Wangyou claims over 3 million users.
What’s missing? At first glance, at least a good system for rating and sorting the content, beyond "new" and "hot".
link to interview
link to Wangyou site
link to Wangyou videocasts–you may have to register to view them. I’ll be exploring.

Reading the recent review of the April 8 Rolling Stones concert in Shanghai by New York Times writer Howard French, I decided to see if I could find some online photos or reviews of the concert. First stop: Flickr. Perhaps there aren’t any Chinese Flickr users who could afford the tickets to the show in Shanghai, but there were a few from Neil Z J Y. Much more interesting were the sets from Shanghaistreets, a 28 year-old expat living in Shanghai, which document Shanghai’s contemporary live music scene. See here for a view of some of China’s own rock and roll veterans; the photo above is tagged: "Jimi poses with Beijing hardcore band Miserable Faith after the show at Shuffle."

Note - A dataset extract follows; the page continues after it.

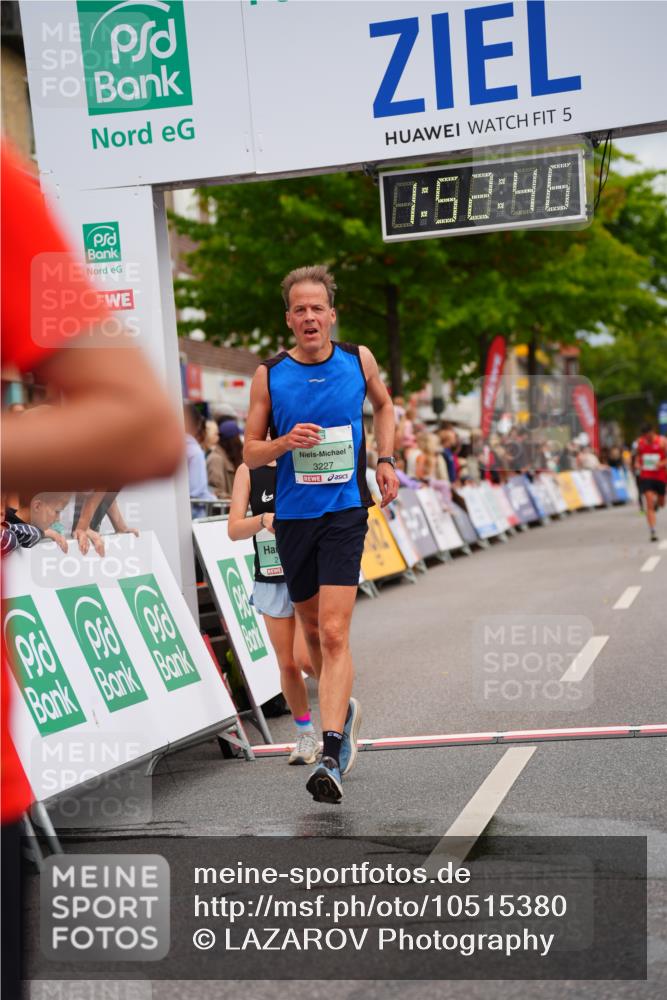 20.09.2026 - PSD Bank Halbmarathon LAZAROV Photography http://msf.ph/oto/10515380 20.09.2026 11:52:45 Ziel 1853, 2028, 2113, 3227, 3515, 4768 meine-sportfotos.de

Sina has its own home for the Rolling Stones show, which includes links to media reviews and blog posts on the show, here, in Chinese. Sina’s BBS doesn’t seem to have anything, at least not without digging deeper than the first page. Tom.com BBS doesn’t have anything today–at least it’s not a hot topic, even in the music section, but the April 9th Tom.com homepage music section does have a series of opinion pieces, including this one that accuses the organizers of shutting out Chinese media access to he group, and favoring foreign media. Does anyone know of a good site for online reviews and photos of live music in China?
In January I attended an event in San Jose put on by market research firm In-Stat, looking at a range of small but growing markets in Asia and specifically in mainland China.
They have some great downloadable ppt reports that include basic background and informed forecasts of online gaming, IPTV (which they define as "video service displayed on a TV through a telecom carrier’s IP broadband network"), and digital music markets.